Equities and the Economy
Good morning and happy National Meteor Watch Day. A meteor hit global equities yesterday like it is believed to have done to the earth 65 million years ago wiping out most of the dinosaurs. On the news over the weekend that there was no Greek deal and that Prime Minister Alexis Tsipras was calling for the Greek citizens to vote on the referendum on July 5th sent an earthquake through equities throughout the world. Yesterday I mentioned that all Asian markets closed 3+% lower as did the European markets. Wall Street got hit with collateral damage with the Dow losing a hurtful and very material 1.95%, 351 points, to 17,694, the S&P 500 closing down 43 (2.07%) to 2,058 and the Nasdaq just getting obliterated falling 2.41%, a huge 123 points, to 4,958 with all the indexes suffering their biggest single day declines in more than a year. Actually for the Dow it was its biggest point drop in two years! The CBOE Volatility Index. aka fear index, briefly jumped more than 35% (that’s intraday from Friday’s close!) to above 18.5. The surge is the largest one-day move this year. CNN’s Fear & Greed Index is now at 11 which is Extreme Fear. Yesterday S&P downgraded Greece’s credit rating to CCC-. The lowest level you can have as investment grade is BBB- so you can see this is literally and figuratively truly junk. You see, Greece has discovered that Socialism is a wonderful concept, until, as the wonderful Margaret Thatcher put it, “You run out of the other person’s money.” Greece has run out of the other person’s money.
And let’s not forget to “thank” our Puerto Rican friends who’s governor yesterday declared its debt “not payable.” This situation is also going to get real interesting as well because the white house yesterday afternoon said no federal bailout of the U.S. territory will be forthcoming and Puerto Rico cannot declare bankruptcy, as Detroit and other municipalities have done, until Congress acts to change the law.
The sun set and has risen and it’s a new day and markets are bouncing back. All the Asian markets closed higher with China’s Shanghai Composite climbing, drum roll please, a huge 5.53%! That equates to 978 Dow points! The European markets are not nearly as euphoric trading on either side of unchanged. Locally, the Dow is up 61 points but that’s materially lower than earlier today when it was up 95. As I’ve often said, the closes are much more important than the opens so let’s hope we have a positive close.
Oil
With equities much lower oil got hit hard on not only on the implicit associate lower energy demand but also as traders and investors had to liquidate what they could to meet margin calls. WTI lost $1.30, 2.2%, closing at $58.33. Brent fell $1.25, 2.0%, settling at $62.01. Iran is selling a lot of its crude to Asia (Japan, China, India, South Korea) with exports rising to 1.2 million bpd, the highest of the year. Speaking of Iran, today is the deadline for the West/Iran nuclear talks, which would relieve sanctions on Iran, and it looks like that deadline, like SO many lately, will come and go.

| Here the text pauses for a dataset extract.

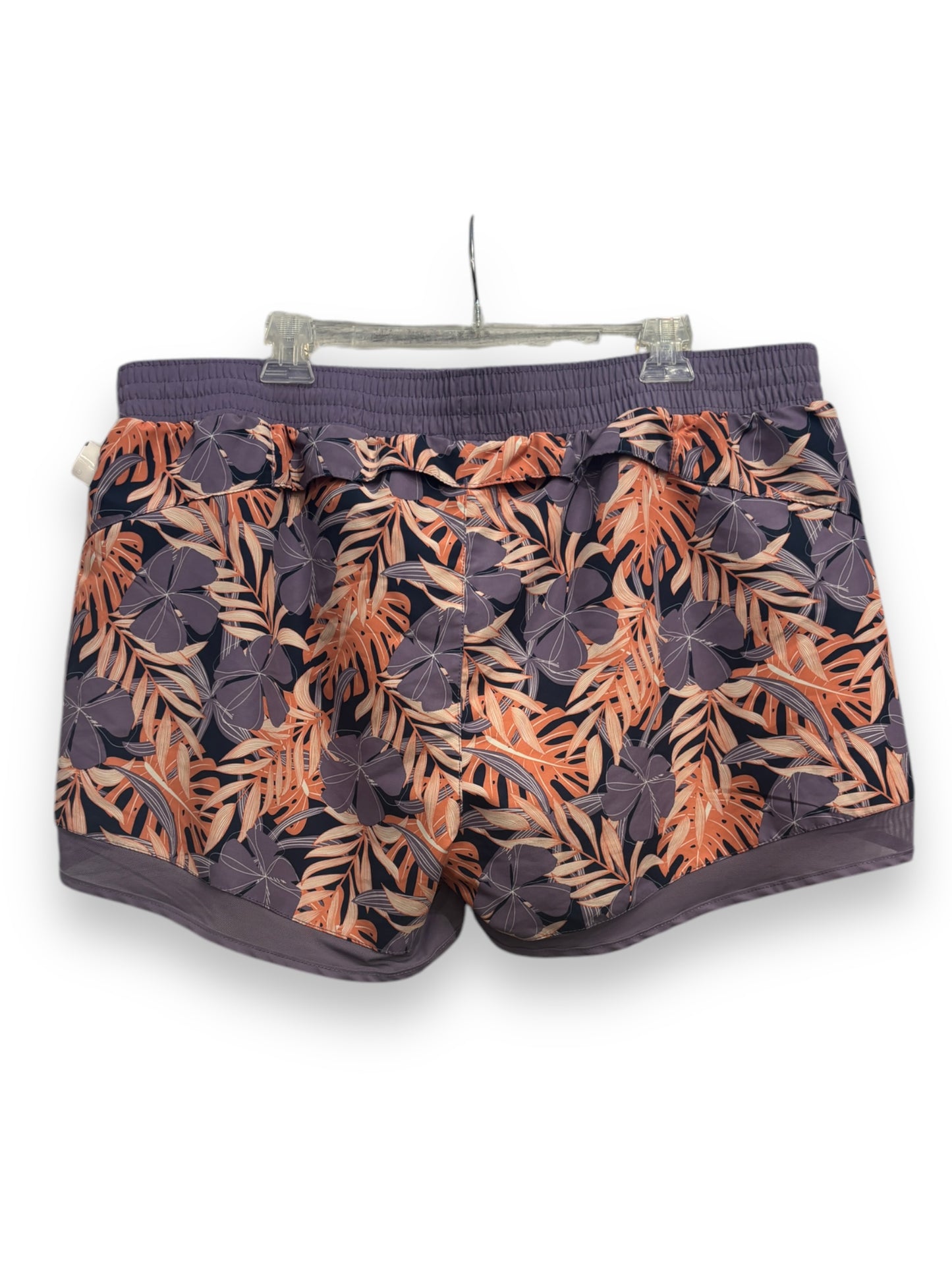 Athletic Shorts By Clothes Mentor In Tropical Print, Size: Xl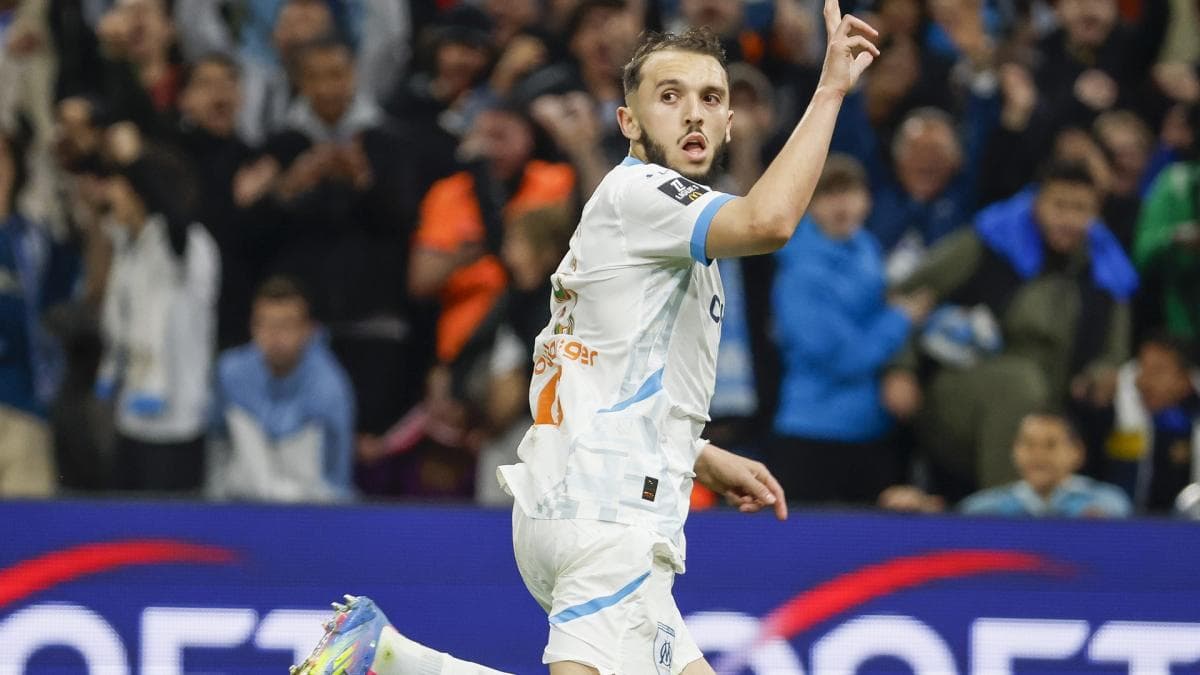 Gouiri de retour, l'OM retrouve son attaquant le plus décisif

This morning WTI is up 37¢ as equities rebound, or at least stabilize, around the world. We’re once again back above $59 and my bet is we’ll head for that $60 level which has been such a huge magnet of late.
Courtesy of MDA Information Systems LLC
Natural Gas
Natural gas gained 3.5¢ yesterday closing at $2.805. Like $60 WTI, the $2.80ish natural gas level is a price “black hole.” That’s where the market is finding an equilibrium between strong production and record consumption of natural gas in the electric generation sector. The amount of natural gas the coal market can “suck up” is way more than natural gas production so this is the floor. When I ran my natural gas and electricity trading company I told my traders “Do not short natural gas at the coal equivalent.” Yes, natty could, and sometimes did, trade lower, but it’s a bad risk/reward proposition. This morning natty is giving up what it rose yesterday being down 4.0¢. By the way, the weather forecast for the next couple of weeks is definitely not helping the bulls.
Elsewhere
They called him “Tail Gunner Joe” in derision, claiming he was never in combat during WWII. They assailed his search for Communists in government as a “witch hunt” and columns were written about his alcoholism. For those of you old enough or who are history buffs you know I’m talking about Senator Joseph McCarthy. By the time of his censure by the U.S. Senate in 1954 McCarthy’s name had become synonymous with gutter politics. There was, however, a patriarch of one American family that took a shine to Joe McCarthy. The patriarch’s children were all highly educated and well-endowed with a fervent sense of noblesse oblige. One would have thought that if there was any place where McCarthy would feel uncomfortable, it would be in this family’s living room. Such was not the case. On a number of occasions Senator Joe McCarthy was invited to be a weekend guest of the family. McCarthy actually dated two of the patriarch’s daughters and one of the sons asked McCarthy to be godfather to his first child. America could just not figure it out. While most everyone was vilifying the senator and denouncing McCarthyism, his friends at Hyannis Port, Massachusetts were hopping to his defense. The patriarch was Joseph Kennedy Sr. and it was his family who so embraced him all the while he was creating havoc in the U.S. Senate. It was Eunice and Pat who dated him. It was RFK who asked him to be godfather to his first born, and JFK had called him an American patriot. Oddly enough, Joe McCarthy found a home at Camelot while the rest of the country was pushing him aside. Have a good day.